_INSTRUCTIONS FOR THE TASK_:
Task for the records below: please copy exactly, and only, the lines from the one containing "Image of Fruit salad" to the last line, both included, leaving out the pictures.
START MATERIAL FOR THIS TASK
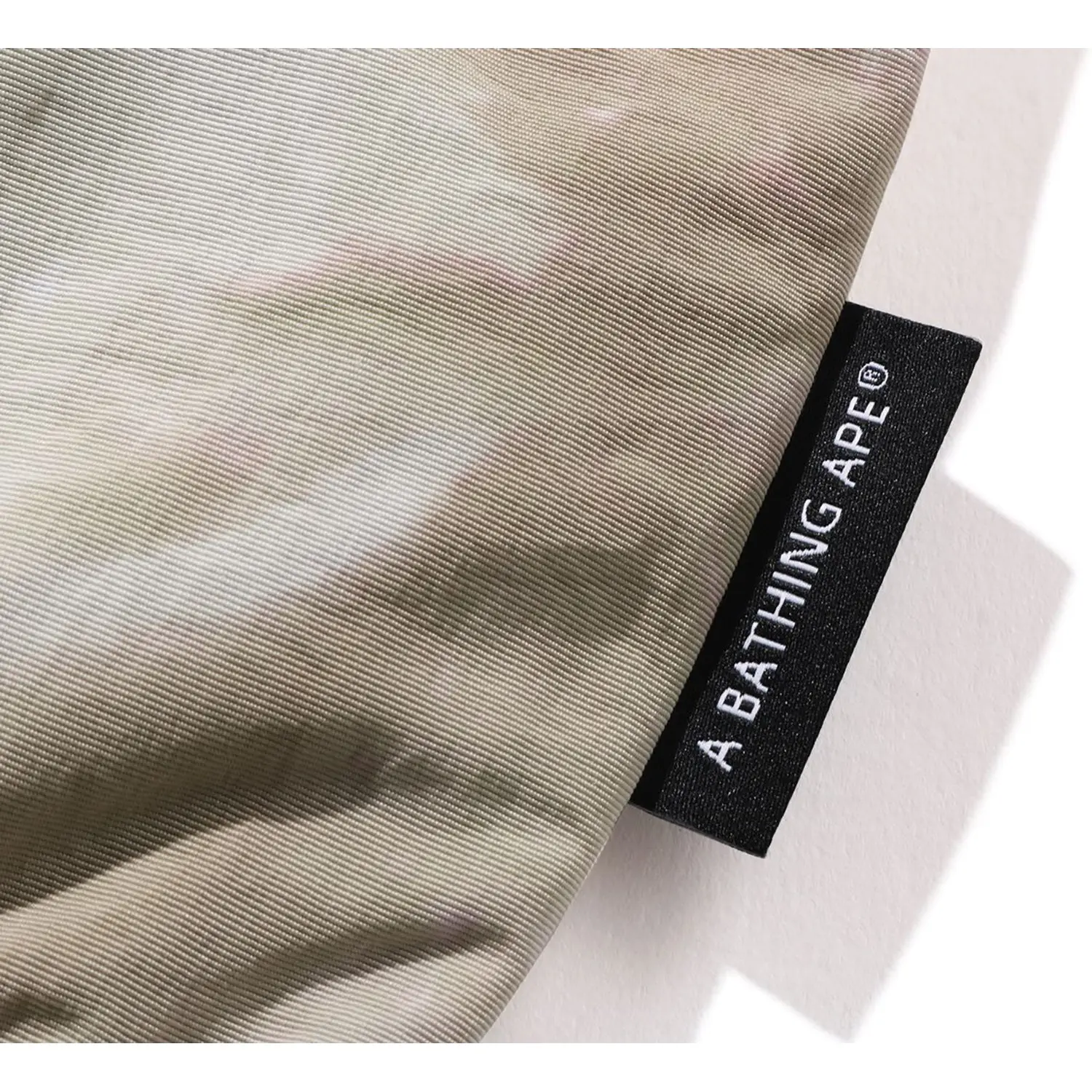 TIE DYE TRACK JACKET MENS - Image 5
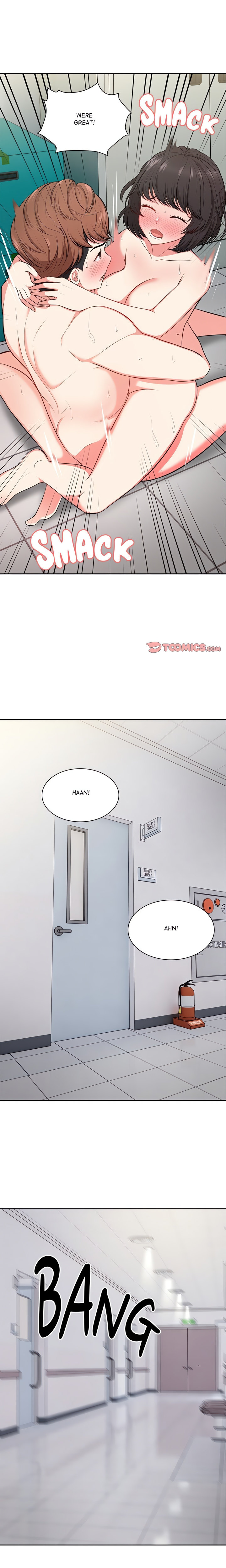 Amnesia Chapter 17 Page 21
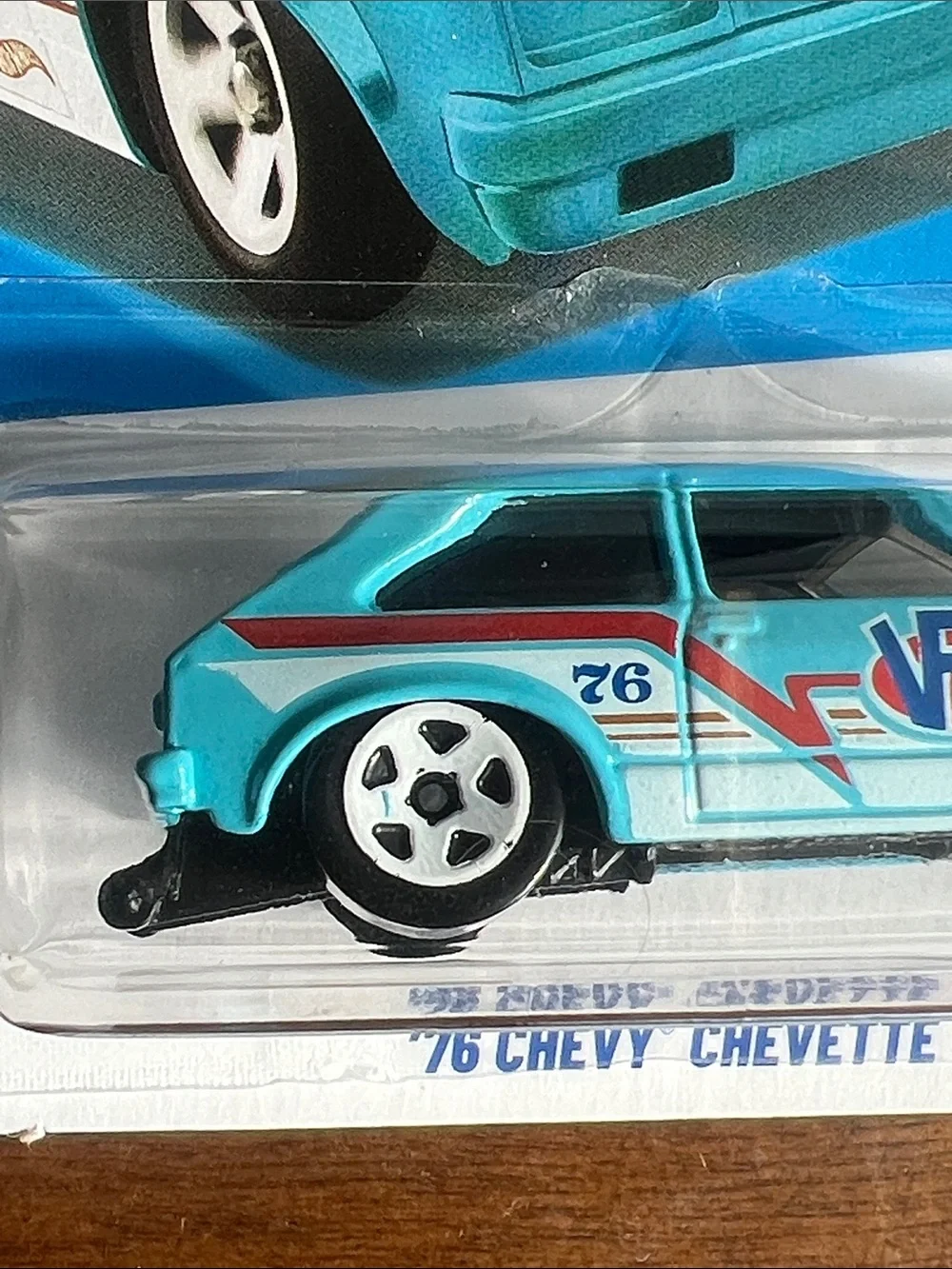 '76 Chevy Chevette Hot Wheels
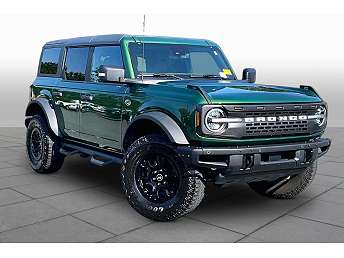 2024 Ford Bronco Wildtrak 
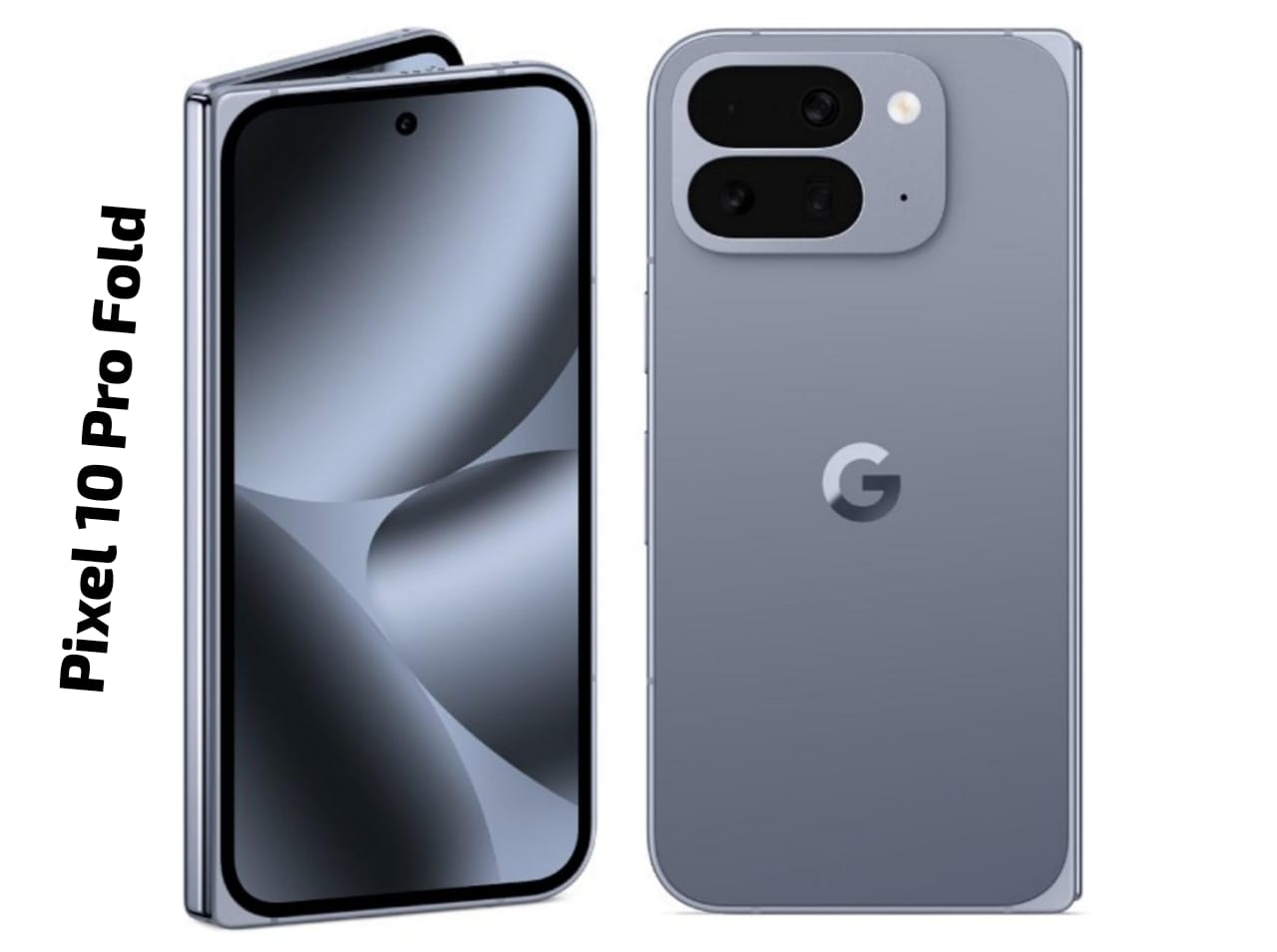 Google Pixel 10 Fold - Neuf Scellé
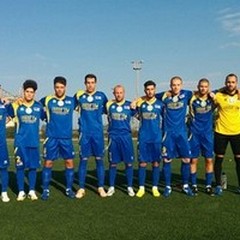 Usd Giovinazzo, sfida impossibile a Gravina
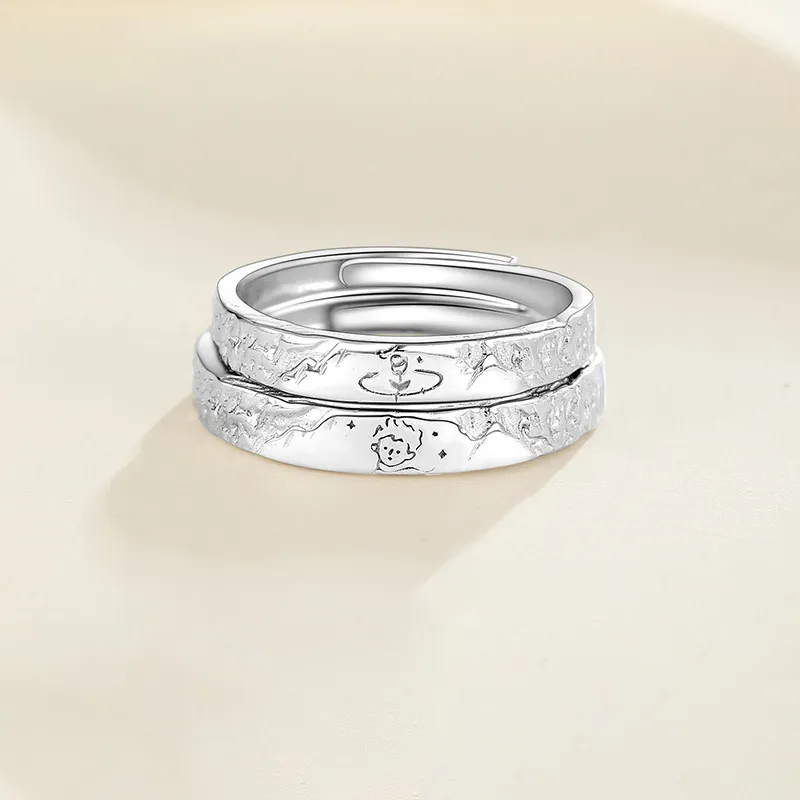 PRP Rings Unisex-5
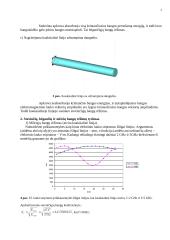 Koaksialinių linijų savybės ir taikymas mikrobangų technikoje 2 puslapis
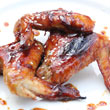 Honey Chicken Wings 110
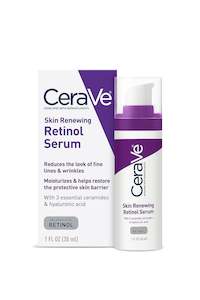 CeraVe Skin Renewing Retinol Serum 30ml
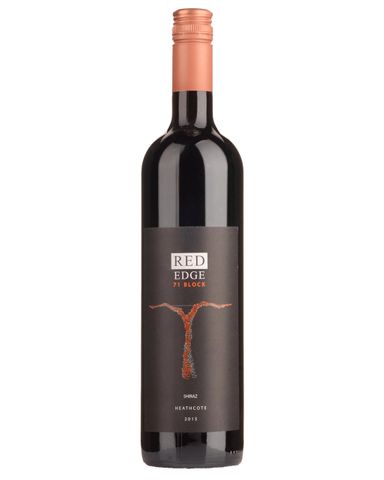 Red Edge 71 Block Shiraz 750ml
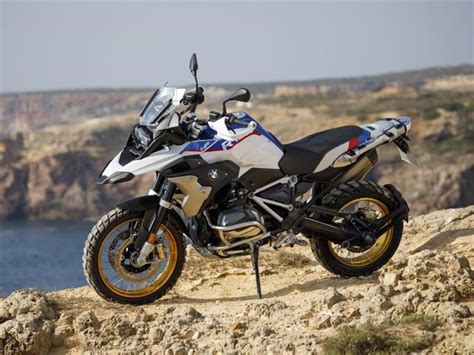 BMW R 1250 GS Y Adventure Se Destapan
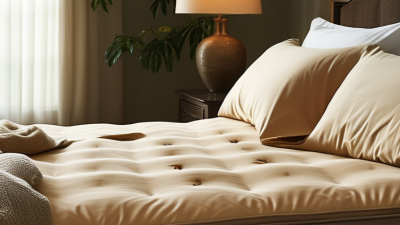 How to Enhance Sleep Quality with Premium Bedding Choices?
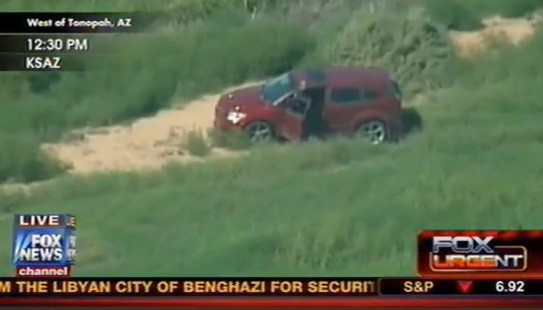 VIDEO socant. Un post TV a difuzat LIVE sinuciderea unui om. Imaginile care au revoltat America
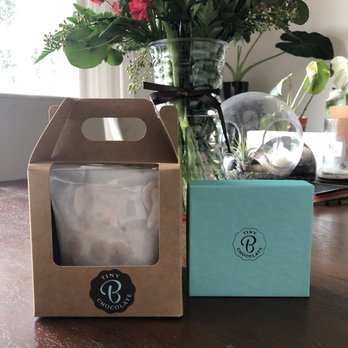 Tinyb Chocolate - Chocolate chip cookies & 4 truffles - Chocolatiers & Shops Near Me - San Mateo, California Tinyb Chocolate - Chocolate chip cookies & 4 truffles - Chocolatiers & Shops Near Me - San Mateo, California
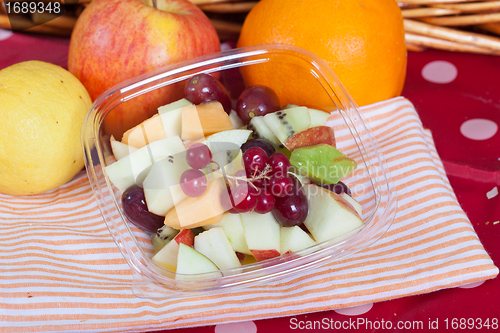 Image of Fruit salad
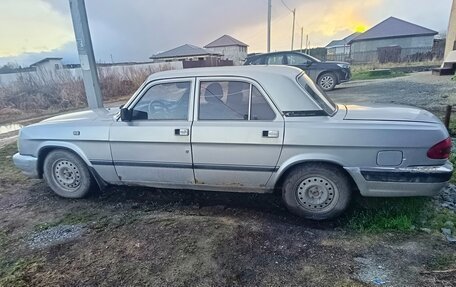 ГАЗ 3110 «Волга», 2002 год, 120 000 рублей, 1 фотография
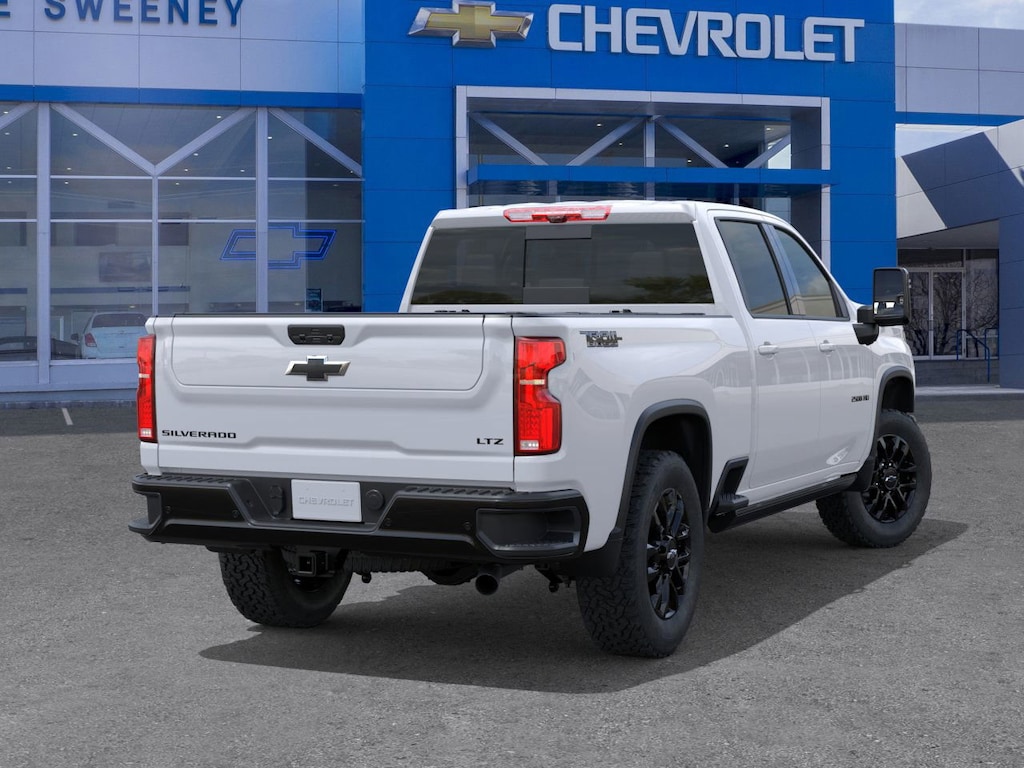 New 2026 Chevrolet Silverado 2500 HD LTZ Truck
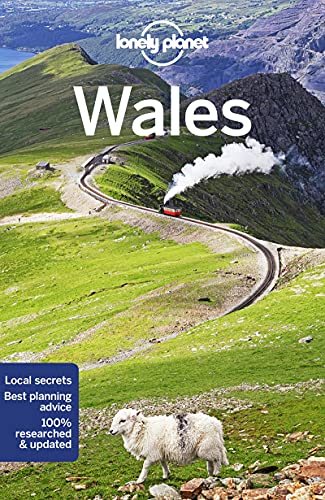 Lonely Planet Wales: written and researched by Kerry Walker, Peter Dragicevich, Anna Kaminksi and Luke Waterson (Travel Guide)
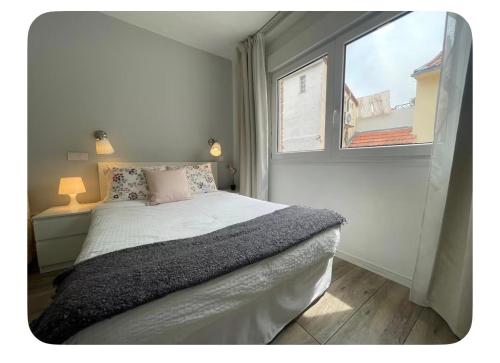 Pequeño estudio con encanto en Malasaña-Centro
END MATERIAL FOR THIS TASK
_YOUR RESPONSE_:
 Image of Fruit salad
 ГАЗ 3110 «Волга», 2002 год, 120 000 рублей, 1 фотография
 New 2026 Chevrolet Silverado 2500 HD LTZ Truck
 Lonely Planet Wales: written and researched by Kerry Walker, Peter Dragicevich, Anna Kaminksi and Luke Waterson (Travel Guide)
 Pequeño estudio con encanto en Malasaña-Centro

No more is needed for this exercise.